When might the NBA resume games?

Nobody knows. A player testing positive is the worst-case scenario for the league, and one source I spoke to suggested this could shut the league down for up to a month.

The Toronto Raptors have reportedly told their players to self-quarantine for 14 days. That seems like the shortest time frame for games to resume at this point, however it will likely be longer.

The question on a return to play goes beyond just when the players might get healthy and gets into the spread of the disease in the urban centers where NBA teams play games. When will it be safe to have large gatherings of more than 1,000 people again? Experts say the goal of all the preventative measures taking place — from the cancellation of NBA games and the closing of college campuses to the push to get people to wash their hands — is about “flattening out the curve” of how many people get the disease and when. If that curve spikes quickly, it can overwhelm a nation’s health system’s ability to respond (as we have seen in Italy).

However, that flatter curve extends longer, which would mean more time before the NBA could resume games.

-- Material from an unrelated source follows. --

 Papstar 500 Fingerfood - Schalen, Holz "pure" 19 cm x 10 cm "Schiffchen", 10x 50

Will the NBA play out the remainder of the NBA season, shorten it, or jump straight to the playoffs when play resumes?

Again, nobody knows for sure. The NBA has asked teams for a little time for them to formulate a new plan, this caught everyone off guard.

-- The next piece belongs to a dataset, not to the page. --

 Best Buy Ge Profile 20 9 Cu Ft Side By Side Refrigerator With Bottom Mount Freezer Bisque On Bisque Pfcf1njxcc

However, it is highly unlikely the NBA would be able to fit in the full regular season of 82 games. It is exceedingly difficult to schedule NBA games — all of those arenas host other events such as concerts or NHL games — as well, then throw in travel and the rest and it is a complex puzzle.

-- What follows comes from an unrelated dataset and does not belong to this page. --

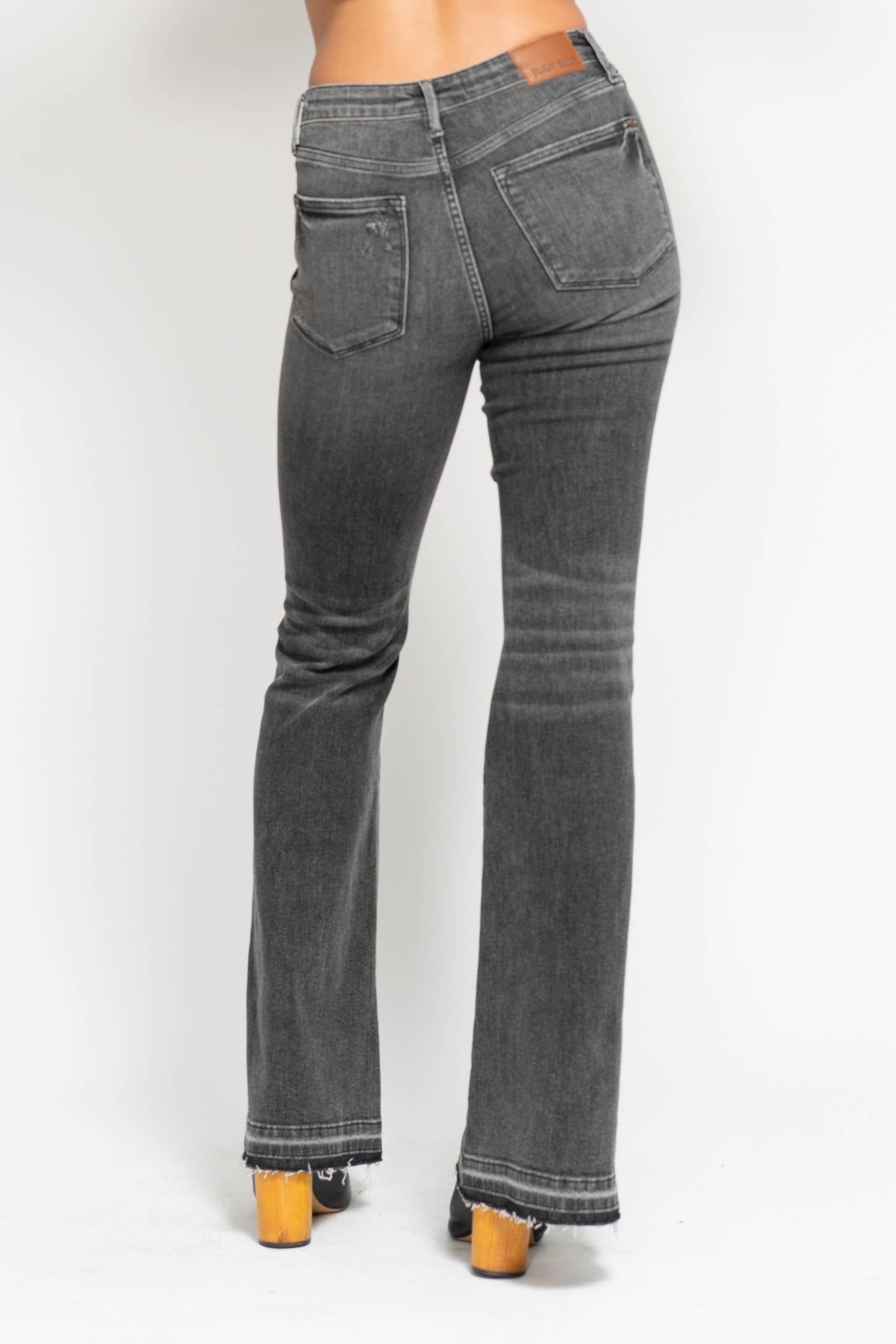 Gray Mid-Rise Washed Flare Jeans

More likely we will see a shortened NBA season (Adrian Wojnarowski said on ESPN this is what league sources are telling him). It may be a couple of weeks before players are cleared, but then would the league be willing to come back and play in empty buildings — something a majority of owners favored earlier in the day on Wednesday, before the positive test broke — or will they wait until fans can fill the arenas again?  Could there be fan-free empty buildings for the playoffs? Do the owners want to just get games on television again?

Would owners be willing to pull the plug on the season? That seems extreme but is not off the table at this point. Nothing is. A lot of experts predict that the number of cases will continue to rise and things will get worse before they get better on a national level. That will color the NBA’s decisions.

One idea being floated is for the league to freeze the standings and start the playoffs when they would normally begin, on April 18. This is a possibility, but if the league can play games — and teams have to refund less season ticket money — they will want that option. Expect a shortened season followed by the playoffs.

Will the loss of games impact league revenue and, by extension, next season’s salary cap?

Absolutely. How much remains to be seen, but the Warriors generate an estimated $3.6 million in revenue for every home game and they will likely be down for a few. The numbers are smaller at other venues, but it will add up fast. The league and teams also will have to negotiate with national and local broadcasters on how to make up and compensate for missed games, and this also could hit the bottom line.

How much of an impact this will have on the league and the salary cap is impossible to say. However, it is a double whammy of losing money because of the league’s spat with China — Adam Silver said that cost the league hundreds of millions of dollars (hinting eventually it was about $400 million).

The impact of this suspension goes beyond the teams and the players

This is going to hit people in the pocketbook who can least afford it: Ushers, ticket takers, concessionaires, and janitorial staff at the arenas will not get paid for games they would have worked. Bartenders and servers at bars and restaurants around arenas are not going to get the rush of customers that come with game nights. Those lists go on and on. There are a lot of people whose livelihoods hinge around the NBA who will be impacted by this delay, necessary though it is.